WHAT YOU HAVE TO DO ▸ Retype exactly the lines below, starting with the line that contains "7pcs Glitter solid" and ending with the last line; leave out any pictures.

INPUT ▸
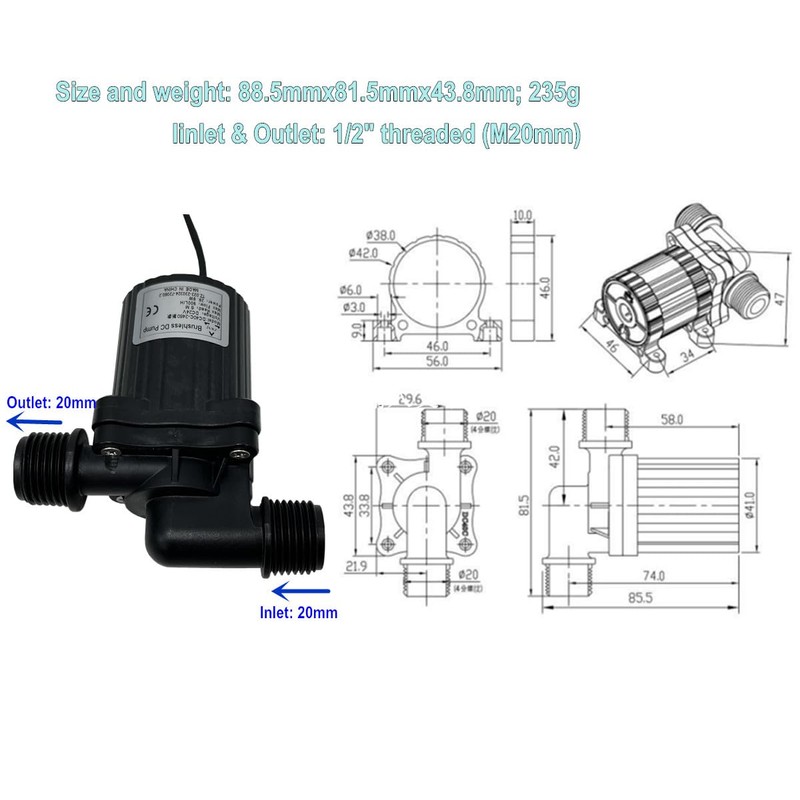 SHYSKY DC40C-2460 Micro Brushless DC Water Pump 24V 28W, 19ft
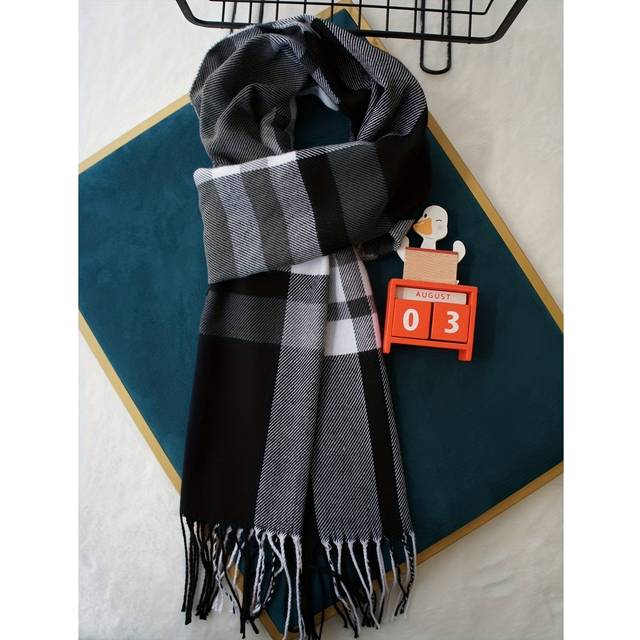TEMU Vintage Scarf - Polyester 100% Woven Warm Scarf With Tassels, Hand Washable, Unisex Fashion Accessory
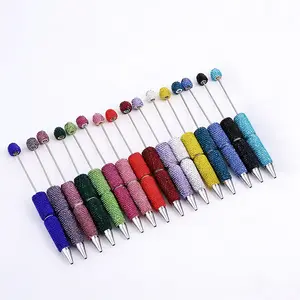 7pcs Glitter solid Beadable Pens,A set of 7 mixed colors, Full Rhinestone Fancy Pens Ballpoint Pens Tween girls Gifts Trendy Stuff handmade pen diy bead ball pen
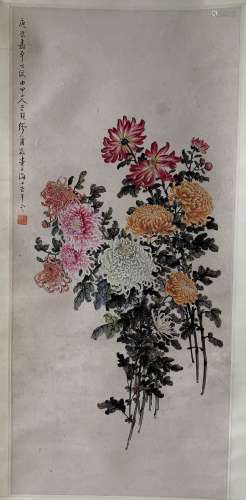 A CHINESE HAND-DRAWN PAINTING SCROLL OF 缪莆孙 菊之隐逸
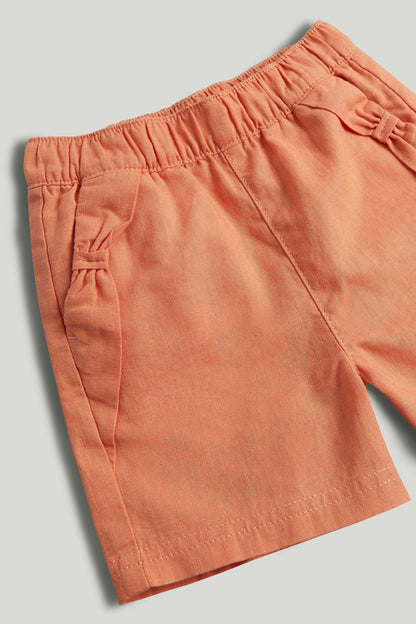Tan Linen Blend Shorts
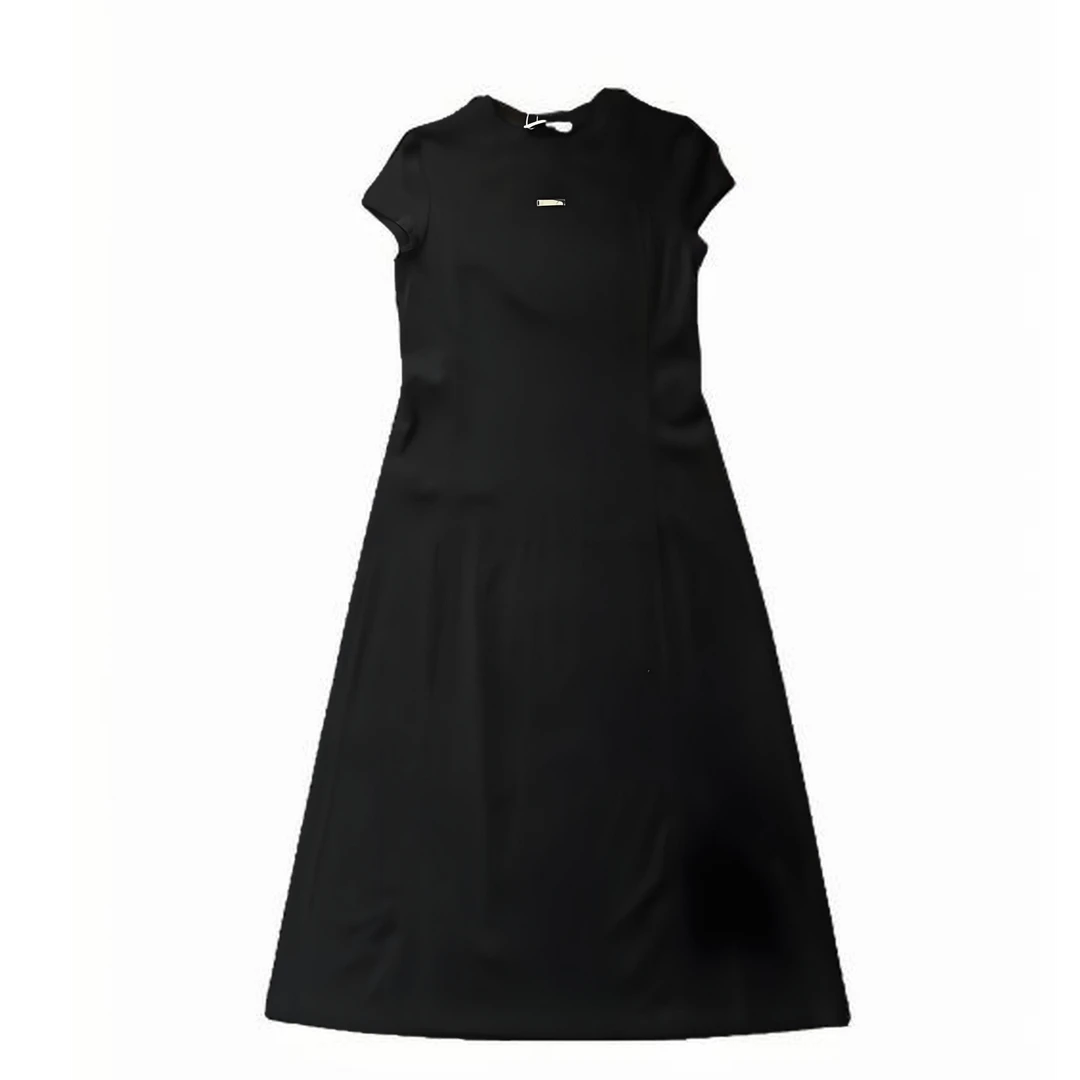 巴黎足迹连衣裙 螺纹棉纱收腰直筒黑色长裙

OUTPUT BELOW ▸
 7pcs Glitter solid Beadable Pens,A set of 7 mixed colors, Full Rhinestone Fancy Pens Ballpoint Pens Tween girls Gifts Trendy Stuff handmade pen diy bead ball pen
 A CHINESE HAND-DRAWN PAINTING SCROLL OF 缪莆孙 菊之隐逸
Tan Linen Blend Shorts
 巴黎足迹连衣裙 螺纹棉纱收腰直筒黑色长裙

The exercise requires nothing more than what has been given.